I want to make a real-time light MMO-like Asteroids game using Unity and WebSockets for the client, and NodeJS, SocketIO and Box2D on the server side. I'll handle scaling by having each instance of my server be a separate "universe" the player can explore.

Players only have a single login for their account, and can jump between available servers, which are considered separate "galaxies". Since the player's account isn't directly tied to any specific server instance, the login mechanism needs to be separate from that, so I've thought about going the REST API route. Once successfully authenticated, my REST API would generate a authentication token to represent their login credentials for their session. Once the player is logged in, they can select a galaxy (server) to visit, provided it hasn't met its player capacity. When the player attempts to connect to that server, the client will pass the player's token, and the server will check if that token is a valid session with the database (this might breach RESTfulness).

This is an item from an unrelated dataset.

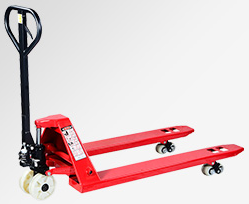 手動液壓搬運車貨叉平穩(wěn)升降操作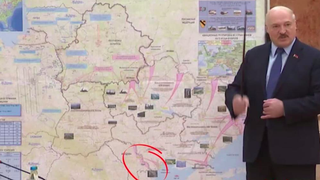 Лукашенко і "карти, звідки готувався напад"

If the server finds that the token is valid, a socket connect between the client and server is attempted. Upon success, a player object is created on the server, added to the list of current players. The server will use Box2D, or some type of physics engine to process movement, collision, etc, and report the observable portion of galaxy that the player can see as a message to the client ever few milliseconds (the goal is 30 frames per second). The Unity client will render the observable objects within view to the user. The client will periodically send input signals to the server (again, the goal is 30 fps). Those input signals are interpreted by the server to perform actions, such as steering the ship, shooting projectiles, interacting with the environment, etc. Whenever the client sends a message to the server, it also sends its token that the server uses to ensure that the client connection is coming from something that it originally considered legitimate.

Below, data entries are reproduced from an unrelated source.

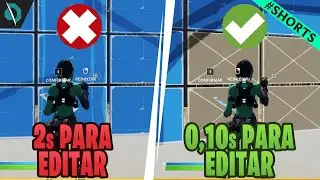 APRENDA o SEGREDO para EDITAR INSANAMENTE R&Aacute;PIDO no FORTNITE #SHORTS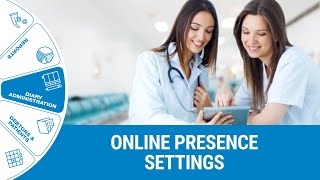 GoodX Web App - Online Presence Settings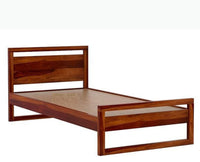 Athens Sheesham Wood Single Size Bed - Single Size Bed - Furniselan-Maple-Finish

WebSockets is primarily meant to send real-time data in the form of binary data instead of JSON to reduce overhead and serialization/deserialization between the client and server. Unity's .NET implementation appears to support binary serialization/deserialization that could be faster than JsonFX, but I have yet to benchmark it. Packing the database into binary datatypes will be a pain on the NodeJS side, but I plan on going back to a C server once I get things figured out. The server also has access to the database to submit queries such as kills, resources mined, health picked up, score, currency, in-game shop transactions, inventory pick-ups, etc.

The player can also update their player info in-game, send money to users, and other actions that the REST API would handle. As far as database queries go, I'd probably use AWS SQS for a larger-scale design, and have some sort of in-memory database to help with queries happening between what's actually in the database, and what's yet to be in it.

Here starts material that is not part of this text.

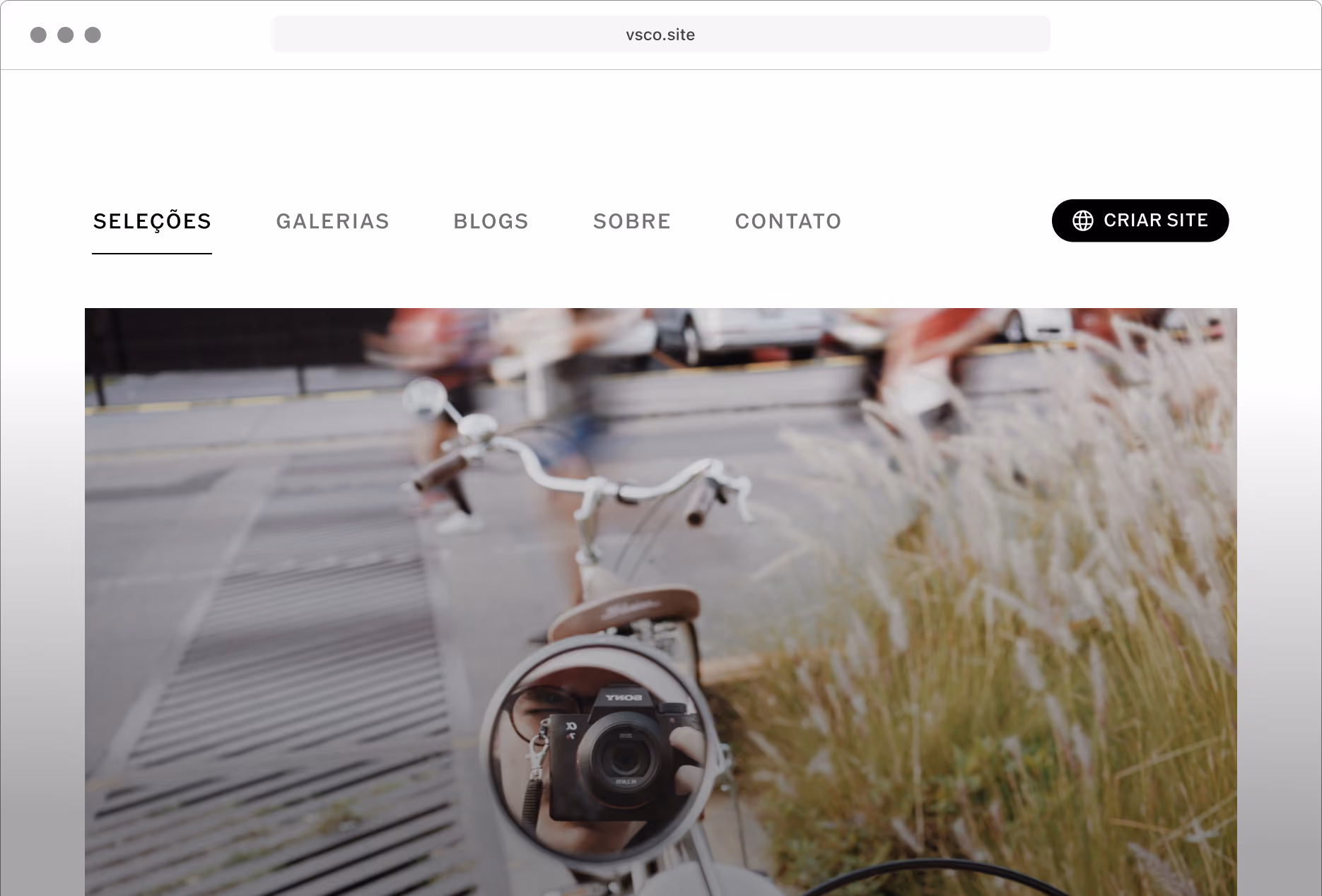 VSCO Sites - site de fotografia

I'd use AWS, and have a server for the REST API, one for the database, and one for each galaxy configuration per instance required. How does this sound as far as architecture?

I always applaud the idea of using well known, highly used authentication and authorization methods. The only other response I have at this time is the group will probably be more help if you begin implementing your system and ask specific questions. The architecture side of things will always be debatable and to be honest nothing you are suggesting is standout wrong per say. That being said I would imagine your troubles here won't be with your architecture so much as the network jitter and delay interpolation etc on a space shmup.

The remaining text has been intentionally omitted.